Earlier this year I spent a couple of months back in South Africa, a country I had lived in for a number of years. For a week, I went, with my brother and his girlfriend, to stay in the Kruger Park and, on the way back to Johannesburg, we drove through what was once called the Eastern Transvaal and is now called Mpumalanga, and stopped for breakfast in a small town up in the mountains. Across the road from the coffee shop was a bookshop, and so, after the food, I wandered over to – as collectors like to say casually – ‘take a look.’

Remote bookshops, in the middle of what is practically nowhere, are a collector’s dream, although they tend to remain just that – a dream. One always hopes to find that first edition set of Lord of the Rings nestling on a shelf at the back of the store, available for the taking for a handful of coins. It never really happens. That

artfulegg

The Artful Egg

day, however, as I browsed leisurely in the empty shop with only the elderly proprietor keeping me company behind his desk, where he was nodding off, I came across a find that was, for me, just as exciting. It was a paperback called The Artful Egg, and it was by a writer called James McClure, and the reason I was excited was that it was a novel in his Kramer & Zondi series – and I hadn’t yet read it.

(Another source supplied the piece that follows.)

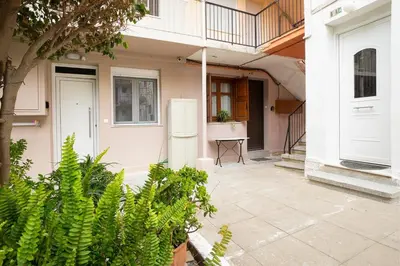 a white house with a table and a white refrigerator at Rianou Apartment in Chania Town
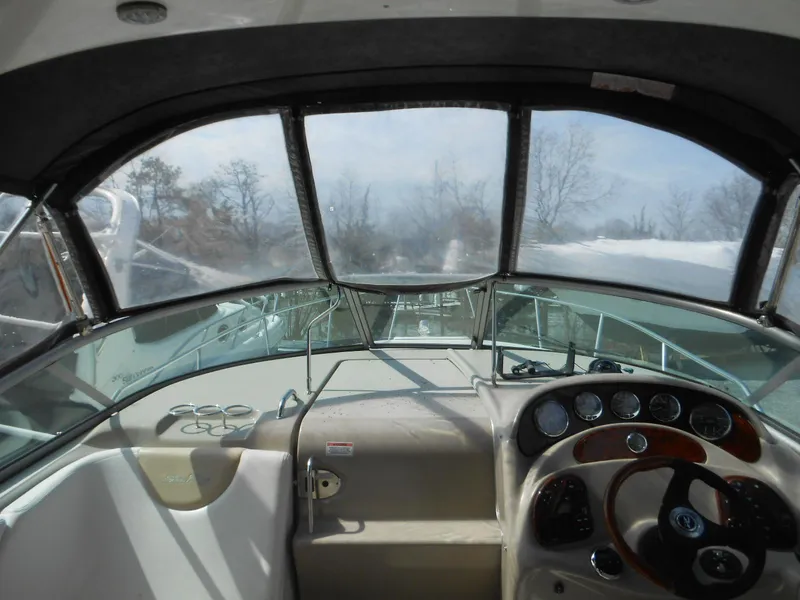 Slide: The Image of 2008 Sea Ray 280 Sundancer cockpit with steering wheel and dashboard view. - 7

For some reason, I was, for a number of years, under the impression that I’d read every one of the Kramer & Zondi mysteries. My find proved me wrong – happily. I read the book in the back seat of the car that day, only stopping when the sun went down and I could no longer see, and finished it that same night in Johannesburg.

James McClure was born in Johannesburg and worked as a crime reporter in Pietermaritzburg, a dusty farmers’ town in the province of Natal (now Kwazulu-Natal), about seventy kilometres from Durban. He left South Africa aged thirty, and moved to Britain, where he worked as a journalist in Oxford. In 1971, however, McClure’s first novel came out, and it was entirely about South Africa, then at the height of Apartheid.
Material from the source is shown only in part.